[Stored items]
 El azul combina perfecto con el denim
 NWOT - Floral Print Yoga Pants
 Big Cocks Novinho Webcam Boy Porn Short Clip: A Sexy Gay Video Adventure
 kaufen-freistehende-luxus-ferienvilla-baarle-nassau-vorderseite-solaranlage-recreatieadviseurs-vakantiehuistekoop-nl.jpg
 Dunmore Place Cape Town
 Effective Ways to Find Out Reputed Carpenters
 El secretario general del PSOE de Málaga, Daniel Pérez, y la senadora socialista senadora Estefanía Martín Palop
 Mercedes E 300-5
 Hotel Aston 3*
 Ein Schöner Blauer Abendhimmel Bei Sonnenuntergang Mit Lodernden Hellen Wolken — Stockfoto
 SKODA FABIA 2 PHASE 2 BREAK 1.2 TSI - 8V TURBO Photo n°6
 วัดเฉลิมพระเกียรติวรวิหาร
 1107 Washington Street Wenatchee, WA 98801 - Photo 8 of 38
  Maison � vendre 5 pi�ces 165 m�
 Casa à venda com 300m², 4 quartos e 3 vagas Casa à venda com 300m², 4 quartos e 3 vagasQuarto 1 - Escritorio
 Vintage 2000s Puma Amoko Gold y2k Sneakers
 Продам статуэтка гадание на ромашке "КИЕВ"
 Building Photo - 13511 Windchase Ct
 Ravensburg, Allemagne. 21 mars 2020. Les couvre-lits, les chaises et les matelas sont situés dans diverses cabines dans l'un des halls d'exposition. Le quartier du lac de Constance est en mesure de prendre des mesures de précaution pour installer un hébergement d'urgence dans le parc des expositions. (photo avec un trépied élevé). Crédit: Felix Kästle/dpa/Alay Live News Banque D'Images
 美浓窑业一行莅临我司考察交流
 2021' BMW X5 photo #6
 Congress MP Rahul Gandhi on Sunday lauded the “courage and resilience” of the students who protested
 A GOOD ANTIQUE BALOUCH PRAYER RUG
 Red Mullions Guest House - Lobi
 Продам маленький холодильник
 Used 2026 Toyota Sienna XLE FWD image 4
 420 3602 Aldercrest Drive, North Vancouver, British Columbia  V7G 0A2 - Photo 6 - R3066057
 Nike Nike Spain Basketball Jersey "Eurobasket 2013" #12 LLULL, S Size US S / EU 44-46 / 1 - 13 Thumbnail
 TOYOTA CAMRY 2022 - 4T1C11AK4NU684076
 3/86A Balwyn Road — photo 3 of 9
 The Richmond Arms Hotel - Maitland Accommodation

→ Work instruction: Scan the entries above and work out how many lines include the word "Продам"; the reply is that number alone.

→ Exercise result: 2